__What is needed__: Take the lines below from the one with "Homelegance 9525RF-3CL Winston" through the one with "Wheel - Inertia" and print only them, exactly. Don't print the pictures.

__Records to use__:

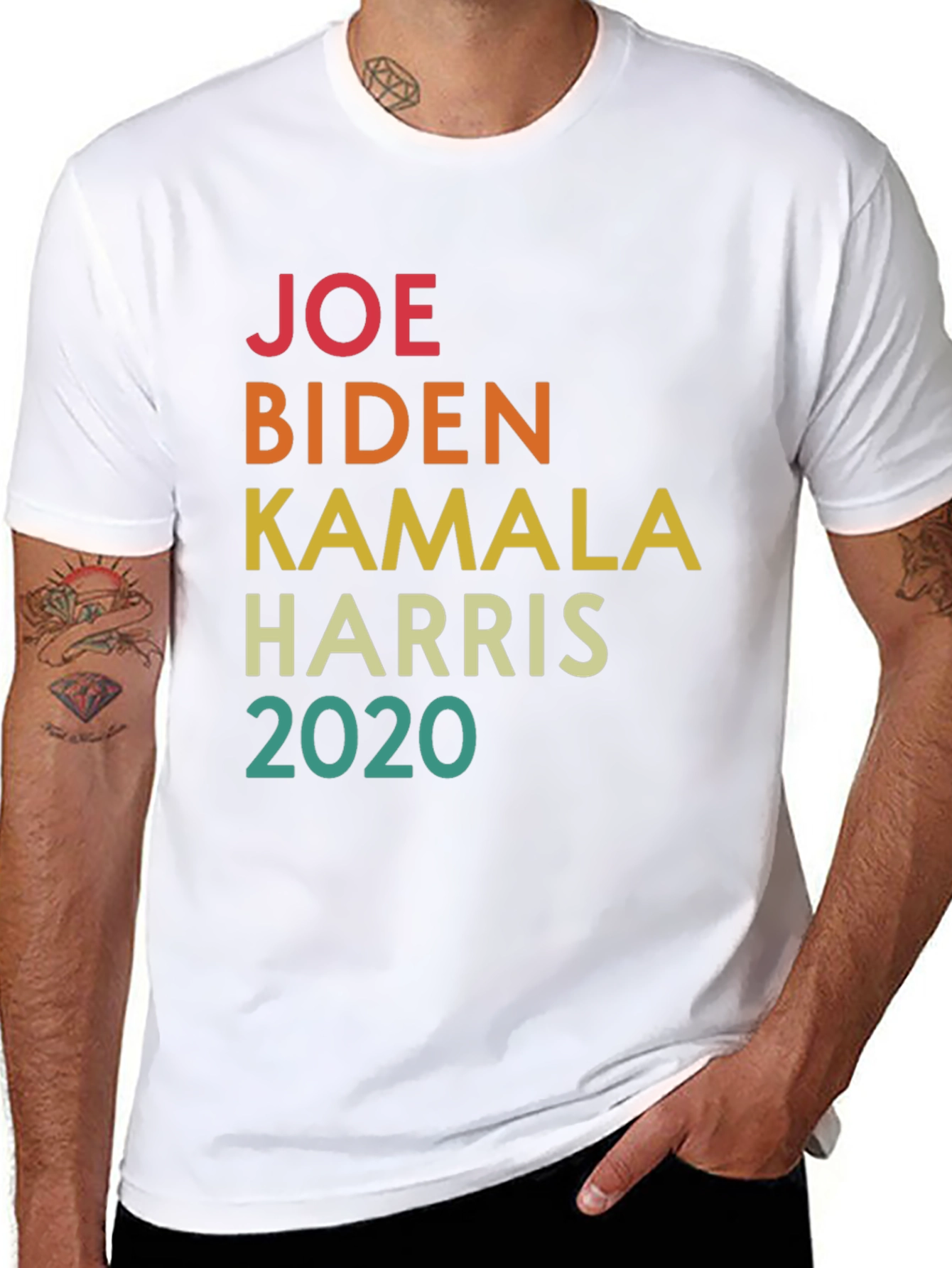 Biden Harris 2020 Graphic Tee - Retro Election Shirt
...
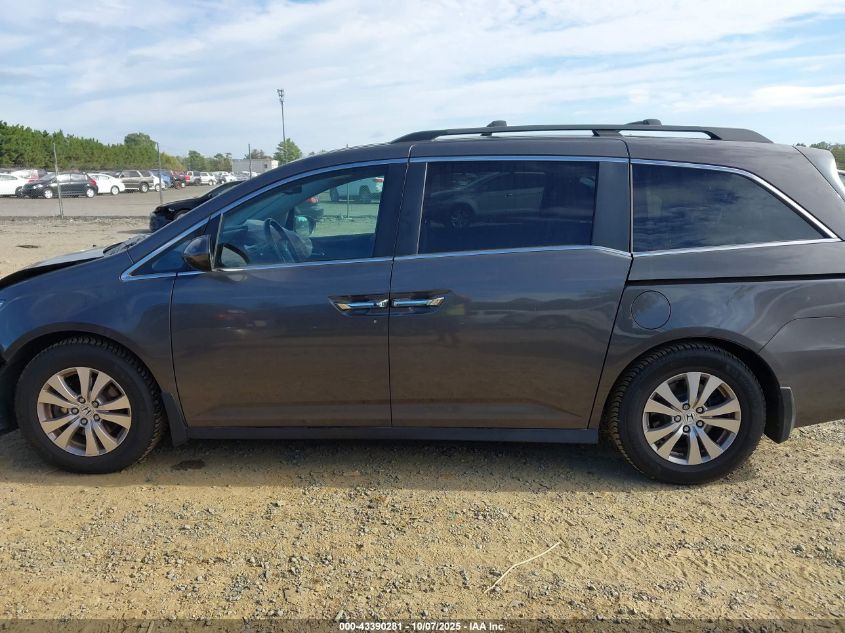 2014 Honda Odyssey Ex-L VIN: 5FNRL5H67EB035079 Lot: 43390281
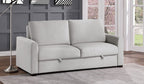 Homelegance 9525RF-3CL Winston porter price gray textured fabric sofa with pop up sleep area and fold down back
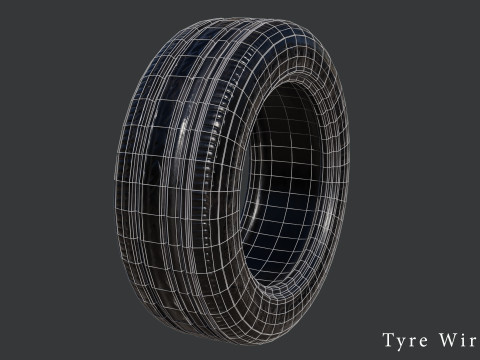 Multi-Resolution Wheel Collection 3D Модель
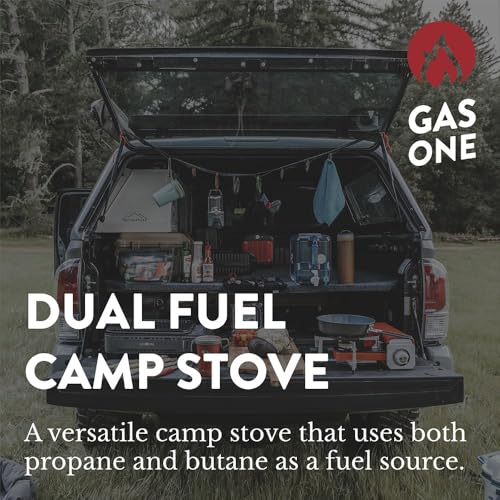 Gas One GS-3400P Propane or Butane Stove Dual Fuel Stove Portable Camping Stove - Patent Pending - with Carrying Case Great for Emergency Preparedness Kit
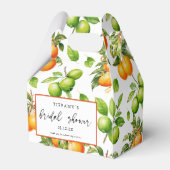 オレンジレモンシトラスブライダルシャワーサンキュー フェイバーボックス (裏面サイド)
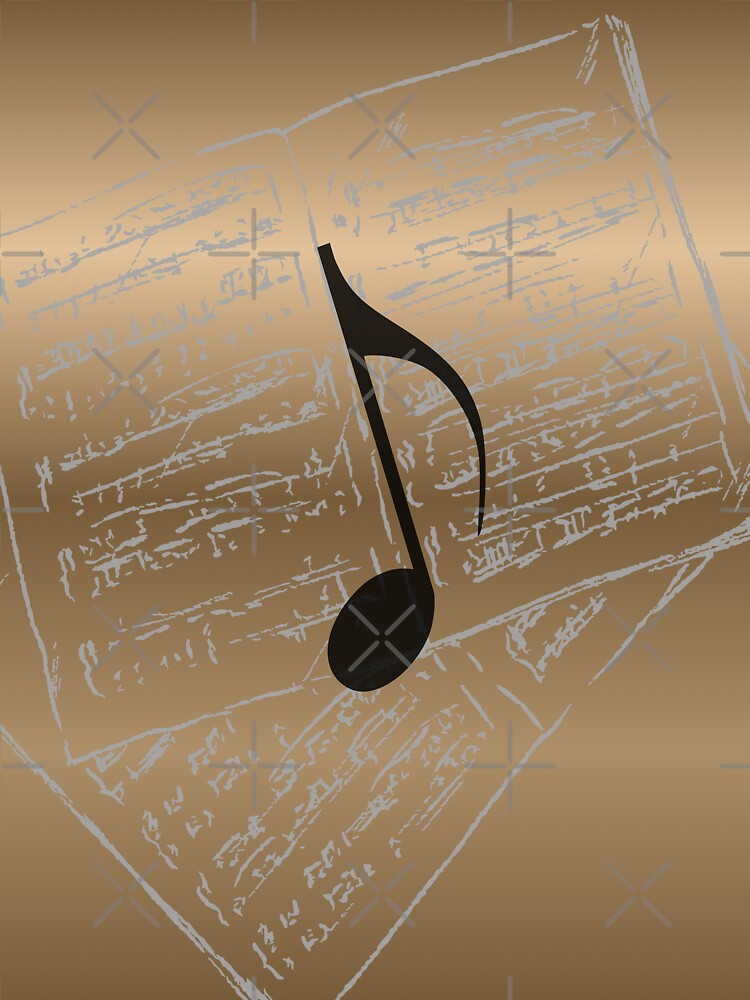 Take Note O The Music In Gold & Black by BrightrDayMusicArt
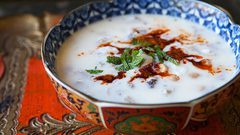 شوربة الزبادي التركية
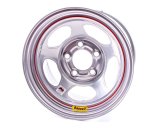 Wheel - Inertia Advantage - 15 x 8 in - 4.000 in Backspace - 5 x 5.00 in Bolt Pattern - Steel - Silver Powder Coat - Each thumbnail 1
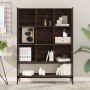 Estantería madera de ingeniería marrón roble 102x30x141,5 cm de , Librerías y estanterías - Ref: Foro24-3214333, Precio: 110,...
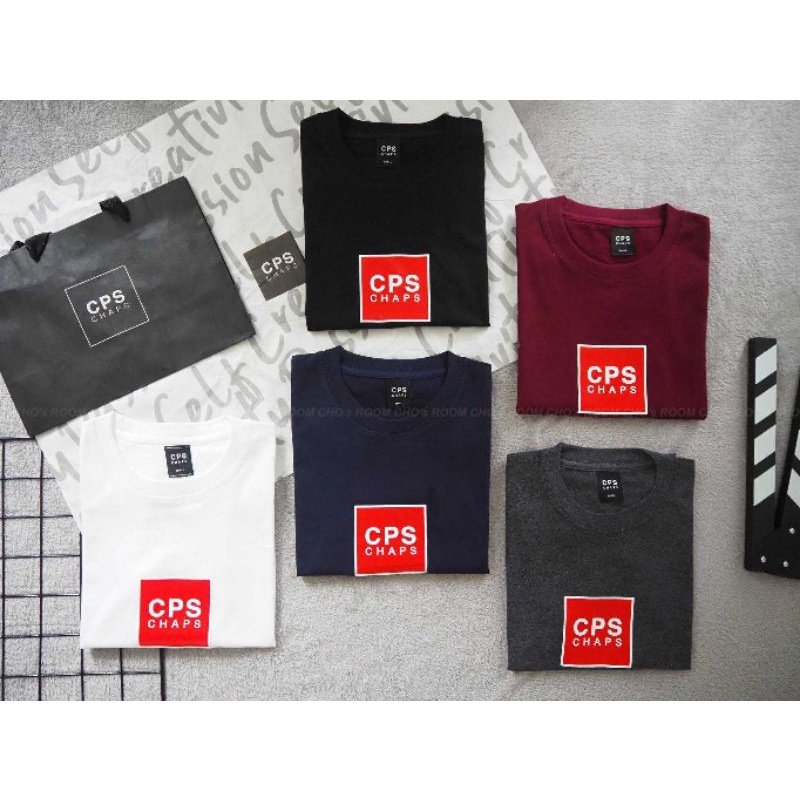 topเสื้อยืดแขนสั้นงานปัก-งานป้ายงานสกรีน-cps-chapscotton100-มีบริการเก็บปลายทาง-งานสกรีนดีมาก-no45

__Exercise solution__:
 Homelegance 9525RF-3CL Winston porter price gray textured fabric sofa with pop up sleep area and fold down back
 Multi-Resolution Wheel Collection 3D Модель
 Gas One GS-3400P Propane or Butane Stove Dual Fuel Stove Portable Camping Stove - Patent Pending - with Carrying Case Great for Emergency Preparedness Kit
 オレンジレモンシトラスブライダルシャワーサンキュー フェイバーボックス (裏面サイド)
 Take Note O The Music In Gold & Black by BrightrDayMusicArt
 شوربة الزبادي التركية
 Wheel - Inertia Advantage - 15 x 8 in - 4.000 in Backspace - 5 x 5.00 in Bolt Pattern - Steel - Silver Powder Coat - Each thumbnail 1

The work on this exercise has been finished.